For plant-based brands, scalability without sacrificing agility is the holy grail.

With an ever-changing political and economic landscape, the ability to adapt while maintaining a competitive edge in pricing and supply chain transparency becomes critical. The entrance of global conglomerates into the plant-based arena, either through partnerships, acquisitions, or new product launches, further highlights the sector’s potential and the need for agility.

Planted’s decision to invest in its own factory in Switzerland is a strategic masterstroke. It allows the company to maintain control over quality, supply chain nuances, and, most importantly, the agility to pivot to shifting consumer demands.

On the other hand, industry stalwarts like Quorn have leveraged their long-standing presence to achieve economies of scale. Their ability to offer products at a competitive price, especially in the frozen category, is unparalleled. Yet, even in this mature market, brands like Squeaky Bean are finding success by identifying and capitalising on niche segments, as seen with its dominance in plant-based charcuterie.

Vegan tuna flakes
Image courtesy of Squeaky Bean

Economic realities and changing consumer behaviour

The broader cultural and economic contexts in the UK significantly influence the trajectory of the plant-based movement.

Traditional diets in the UK, rooted in “meat and two veg”, have been long-standing. Yet, the shift towards plant-based options is evident. You only need to look at Veganuary 2023, which attracted 2.3 million visits to its website and garnered 894 million features on TikTok, indicating that consumer interest in flexible and plant-based eating is still very much on the up.

Although challenges abound, notably from the current cost-of-living crisis and its ripple effects on food prices, the plant-based sector is showing resilience. Whether it’s Planted’s launch into Tesco or La Vie’s plant-based ham; supermarkets, in their quest for differentiation and customer loyalty, are introducing new brands and product lines to cater to the demand for non-animal-based foods.

Recent collaborations between chefs, nutritionists, and plant-based brands, aimed at offering delicious and nutritionally balanced plant-based meals further signify the depth of this market’s potential.

In this evolving landscape, the brands that are positioned to succeed will be those that can seamlessly integrate taste, health benefits, and affordability. Recognising that significant shifts in eating habits are a gradual process, given the cultural significance of food, is crucial.

Nonetheless, the signs of change are everywhere.

meat free kebab
© Planted

Future-proofing in the plant-based sector

Brands aiming to leave a lasting mark in the UK’s plant-based category need to envision a long-term game plan.
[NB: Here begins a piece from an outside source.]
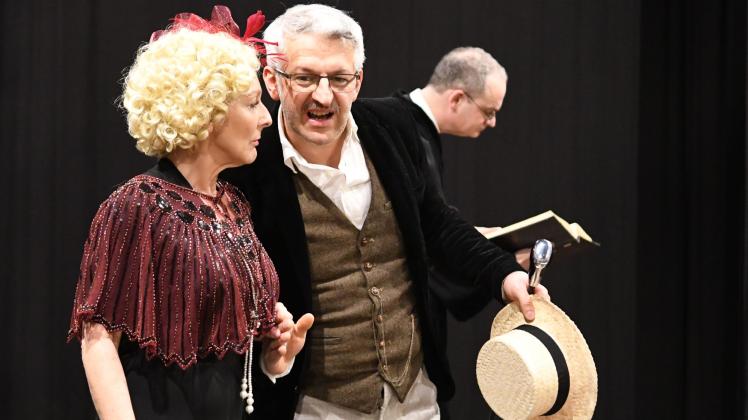 Theaterwerkstatt Quakenbrück; „Der Gockel“ mit Alli Schröder und Erol Yilmaz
The emphasis should be on building a sustainable brand that resonates with evolving consumer needs. A pertinent example is THIS’s strategic launch of its Roast Chicken for the festive season. The brand’s ability to identify and capitalise on new opportunities underscores the importance of adaptability and foresight.

The narrative surrounding the UK’s plant-based industry is multifaceted. While some reports suggest a growing list of challenges, many success stories underscore the sector’s vitality and potential.

In this vibrant and dynamic market, brands equipped with a clear vision, unwavering commitment to quality, and a pulse on consumer preferences will pave the way for a future where plant-based is more than just an option—it’s the preferred choice.